CVE-2024-40851 is a vulnerability identified in Apple’s iOS and iPadOS platforms that permits an attacker with physical access to a locked device to access contact photos directly from the lock screen. The root cause is insufficient restriction of options available on the lock screen, which inadvertently allows viewing of contact images without unlocking the device or requiring user interaction. This vulnerability affects all versions prior to iOS and iPadOS 18.1, where Apple implemented a fix by restricting the lock screen options to prevent unauthorized access to contact photos. The vulnerability has a CVSS 3.1 base score of 2.4, indicating a low severity primarily due to the limited confidentiality impact and the requirement for physical access. There is no impact on integrity or availability, and no privileges or user interaction are needed beyond physical possession of the device. No known exploits have been reported in the wild, suggesting limited active exploitation. The vulnerability mainly raises privacy concerns, as contact photos can reveal personal or sensitive information about the device owner’s contacts, potentially aiding social engineering or targeted attacks. The fix involves software updates that restrict what can be accessed from the lock screen, thereby closing the information leakage vector.
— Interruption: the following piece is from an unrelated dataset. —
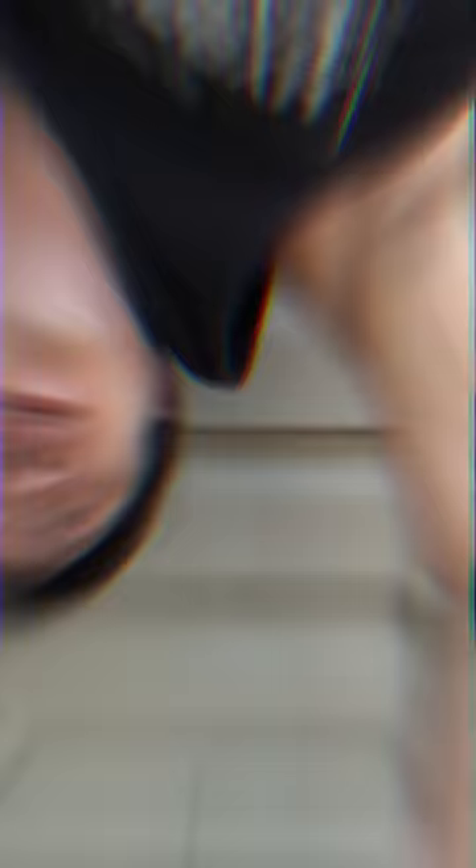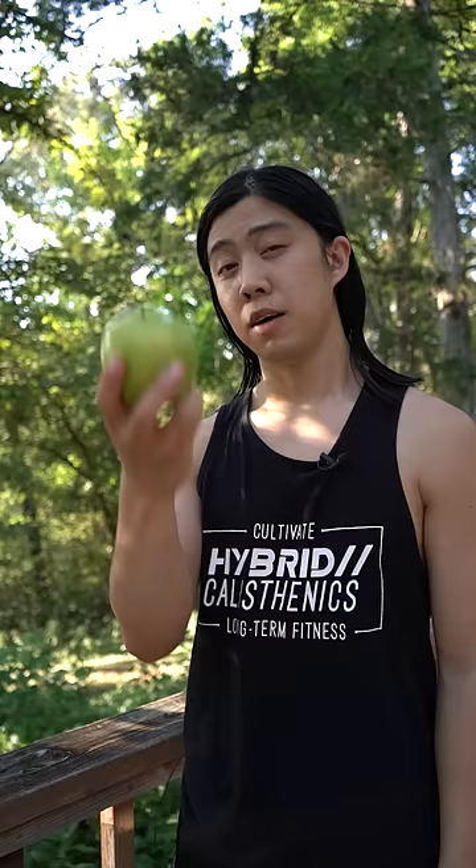The medial head in particular really kicks in when we're struggling to lock out. Even so, you can leave a slight bend at the top to keep the weight on your muscles. Of course, what's heavy is relative to our ability.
The primary impact of CVE-2024-40851 is a privacy breach, as unauthorized individuals with physical access to a locked iOS or iPadOS device can view contact photos without unlocking the device. While this does not compromise device integrity or availability, it exposes personal information that could be leveraged for social engineering or targeted phishing attacks. For organizations, especially those handling sensitive communications or operating in regulated industries, this could lead to indirect risks such as identity exposure or reputational damage. The requirement for physical access limits the scope of exploitation, making remote attacks infeasible. However, in environments where devices are frequently unattended or lost/stolen, the risk is more pronounced. The impact is generally low but should not be dismissed in contexts where privacy is critical.

To mitigate this vulnerability, organizations and users should promptly update all affected Apple devices to iOS or iPadOS version 18.1 or later, where the issue is resolved. Beyond patching, organizations should enforce physical security controls to prevent unauthorized physical access to devices, such as secure storage and device tracking. Additionally, configuring lock screen settings to minimize displayed information and disabling features that expose contact details on the lock screen can reduce exposure. Training users on the importance of physical device security and awareness of privacy risks related to contact information leakage is also recommended. For high-security environments, consider implementing mobile device management (MDM) policies that restrict lock screen functionalities and enforce encryption and strong authentication methods.